Contro gli aumenti ingiustificati dei prezzi al dettaglio dei prodotti alimentari freschi, scende in campo anche Casper – Comitato contro le speculazioni e per il risparmio, di cui fanno parte Adoc, Codacons, Movimento Difesa del Cittadino e Unione Nazionale Consumatori. Presentato un esposto a 104 Procure della Repubblica di tutta Italia, chiedendo di indagare per il reato aggiotaggio e individuare i responsabili dei rincari speculativi.

“Stiamo registrando aumenti considerevoli dei listini su una vasta gamma di prodotti come frutta, verdura, carne, uova, pesce, latticini, ecc., determinati dalla speculazione che puntualmente si verifica in Italia in caso di neve e gelate – si legge in una nota di Casper – I rincari raggiungono quota + 200% specie nel settore dell’ortofrutta, e la conferma arriva anche dalle prime stime delle organizzazioni dei coltivatori, che hanno registrato per l’insalata aumenti medi del 175% e per le zucchine del 166 (fonte CIA)%“. “Di fronte a tale situazione vergognosa – proseguono Adoc, Codacons, Movimento Difesa del Cittadino e Unione Nazionale Consumatori – chiediamo alla magistratura di intervenire, verificando la sussistenza di fenomeni speculativi e aprendo indagini per il reato di aggiotaggio, individuando chi si arricchisce lucrando sulla pelle dei consumatori”. Tra gli aumenti registrati negli ultimi 2 giorni spiccano quelli dell’insalata, passata dai 2 euro a 5,50 euro, le melanzane passate da 2 euro a 4,20, arance, pere e mele aumentate del 130%. Se a questi si aggiunge il maggior consumo di gas per il riscaldamento della casa, il maltempo costerà mediamente 165 euro a famiglia solo di spese vive, con punte fino a 315 euro per chi ha dovuto attrezzarsi per potersi muovere nella neve.

Anche Federconsumatori e Adusbef denunciano fenomeni speculativi sui prezzi dei prodotti alimentari, che addirittura iniziano a scarseggiare sugli scaffali e nei mercati.
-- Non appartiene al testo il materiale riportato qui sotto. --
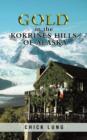 Gold in the Kokrines Hills of Alaska - Book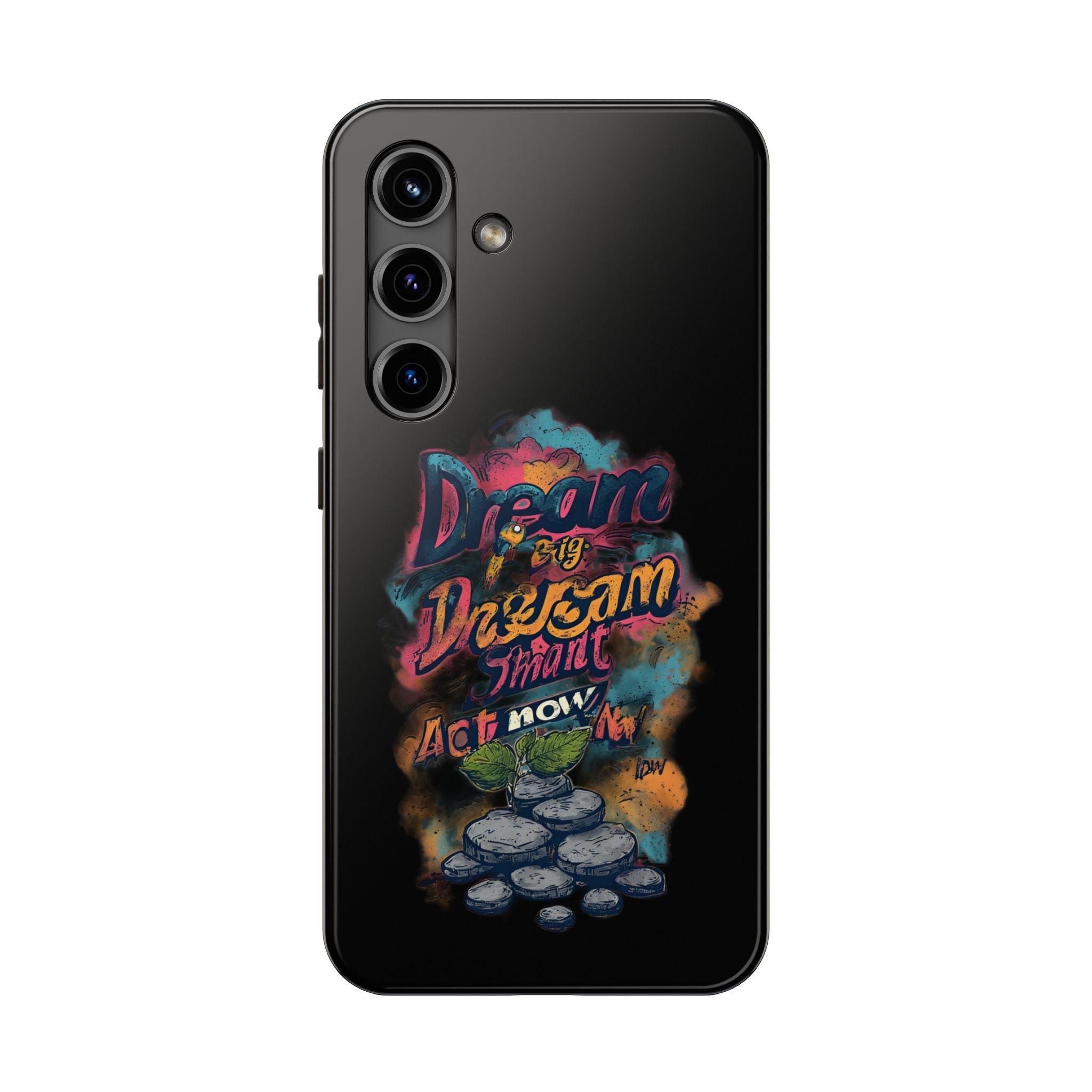 Dream Big Phone Case — Motivational Protective Tough Case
Se si continua così, i fenomeni di accaparramento si farebbero sempre più accentuati, arrivando a determinare un’accelerazione incontrollabile dei prezzi. Se gli aumenti dovessero protrarsi per i prossimi 3 giorni, la ricaduta sulla spesa delle famiglie sarebbe pari al 40% di aumento, arrivando a toccare i 132,89 euro mensili.  I Presidenti delle due Associazioni Rosario Trefiletti ed Elio Lannutti chiedono un intervento istituzionale, in grado di far rientrare la situazione nella normalità, prima che degeneri ulteriormente con gravi ricadute per le famiglie e per il Paese.